_THE PROBLEM_:
Apart from pictures, transcribe exactly each line from the one containing "Foto del edificio - 13405 Pine Needle Ln" through the final line of the listing below.

# # # #

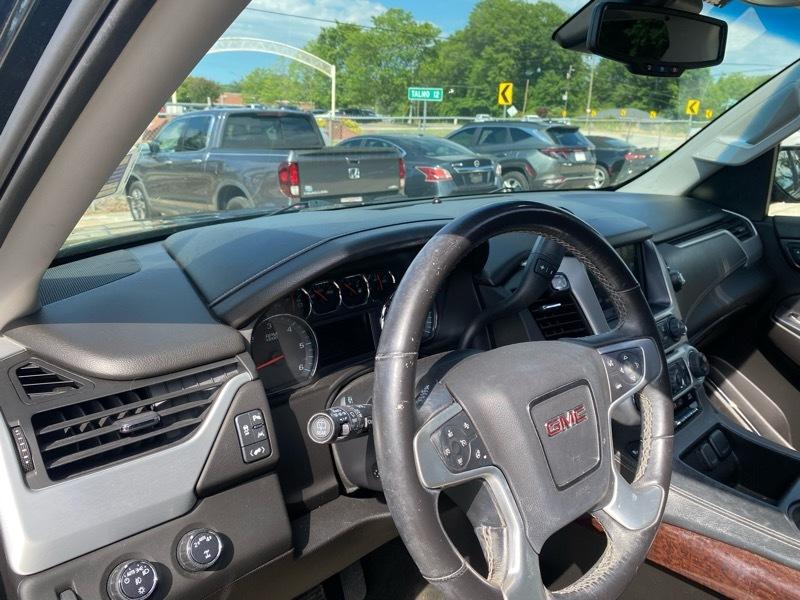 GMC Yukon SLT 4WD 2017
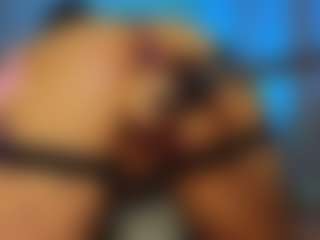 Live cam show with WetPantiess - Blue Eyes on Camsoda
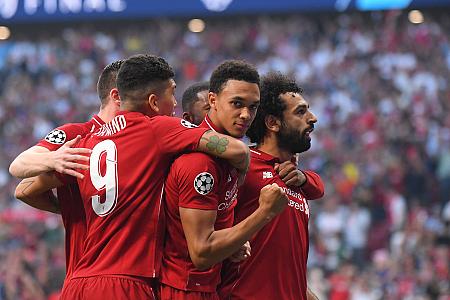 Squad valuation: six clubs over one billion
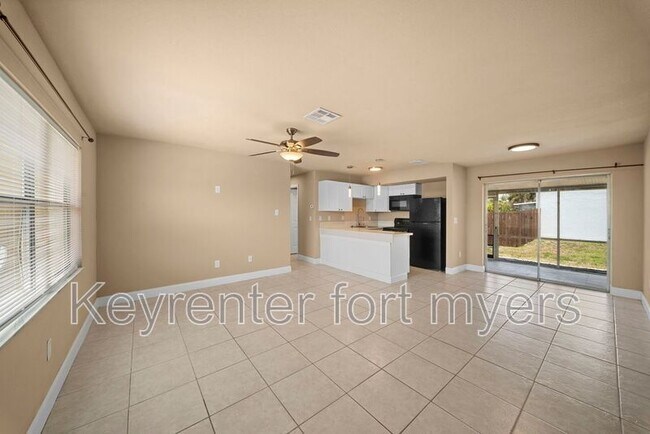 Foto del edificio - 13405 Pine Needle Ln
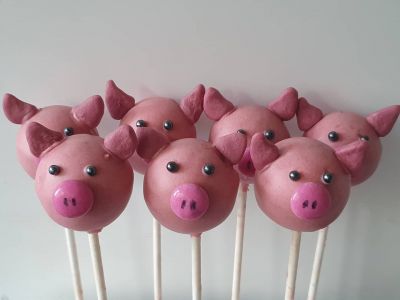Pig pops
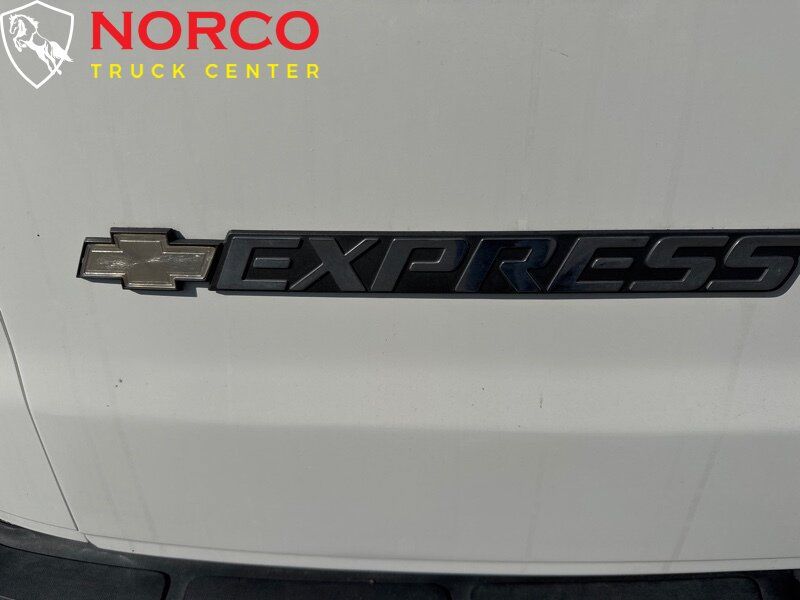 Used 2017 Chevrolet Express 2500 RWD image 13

# # # #

_WRITTEN SOLUTION_:
 Foto del edificio - 13405 Pine Needle Ln
Pig pops
 Used 2017 Chevrolet Express 2500 RWD image 13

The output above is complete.